**PROMPT**:
The copy should hold exactly the lines below from the one that contains "Family Forever Written In Script" through the one that contains "Deckenleuchte Orny, 4-flammiger" and nothing else, so no pictures.

**SUPPLIED MATERIAL**:
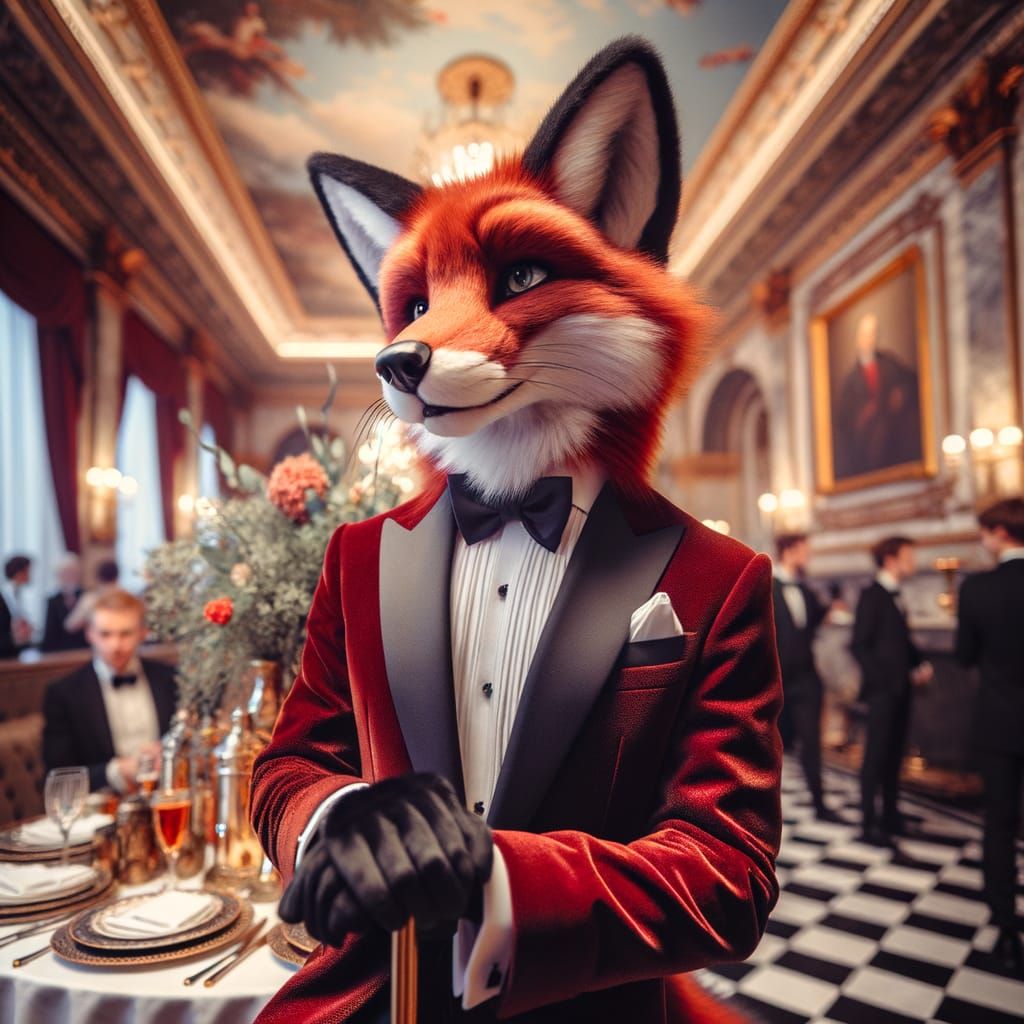 Anthropomorphic Fox in Tuxedo at Elegant Dinner Party
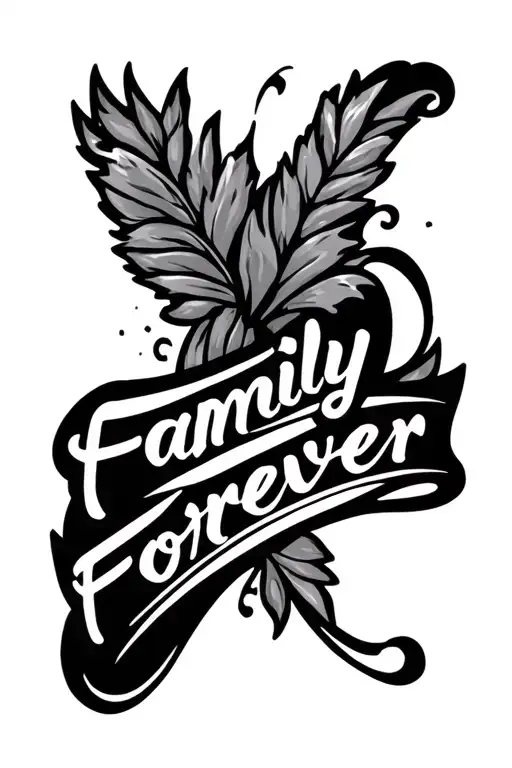 Family Forever Written In Script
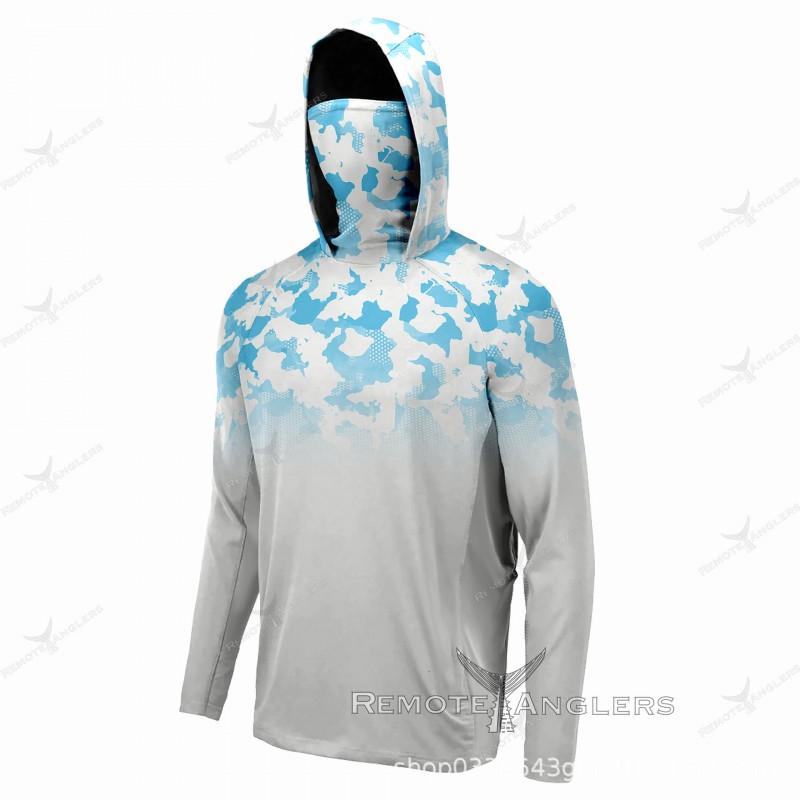 Mens UPF 50 Sun Protection Long Sleeve Hooded Fishing Shirt Breathable Quick Dry Outdoor Sports Cycling Jersey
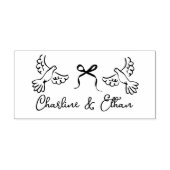 Gepersonaliseerde bruiloft Rubber Stamp met Duiven Rubberstempel (Afrduk)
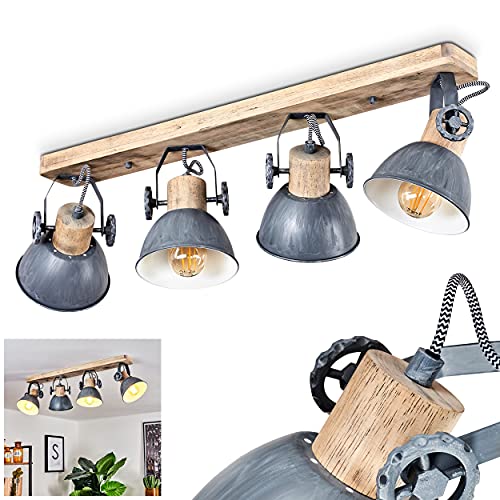 Deckenleuchte Orny, 4-flammiger Deckenstrahler aus Holz und Metall in grau,...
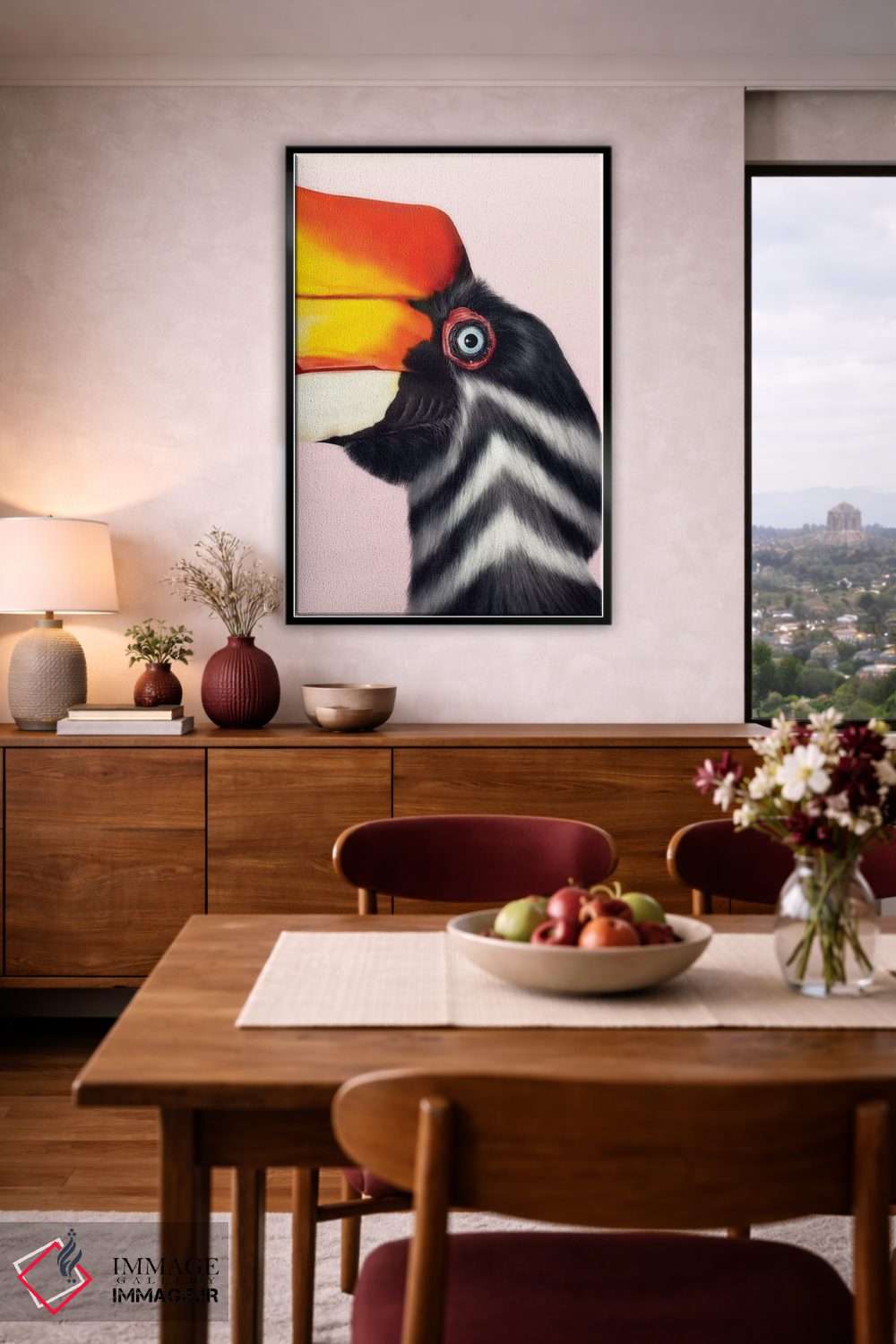 تابلو دکوراتیو راینوکروس هورنبیل اثر جولیو روسی - D6B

**OUTPUT**:
 Family Forever Written In Script
 Mens UPF 50 Sun Protection Long Sleeve Hooded Fishing Shirt Breathable Quick Dry Outdoor Sports Cycling Jersey
 Gepersonaliseerde bruiloft Rubber Stamp met Duiven Rubberstempel (Afrduk)
 Deckenleuchte Orny, 4-flammiger Deckenstrahler aus Holz und Metall in grau,...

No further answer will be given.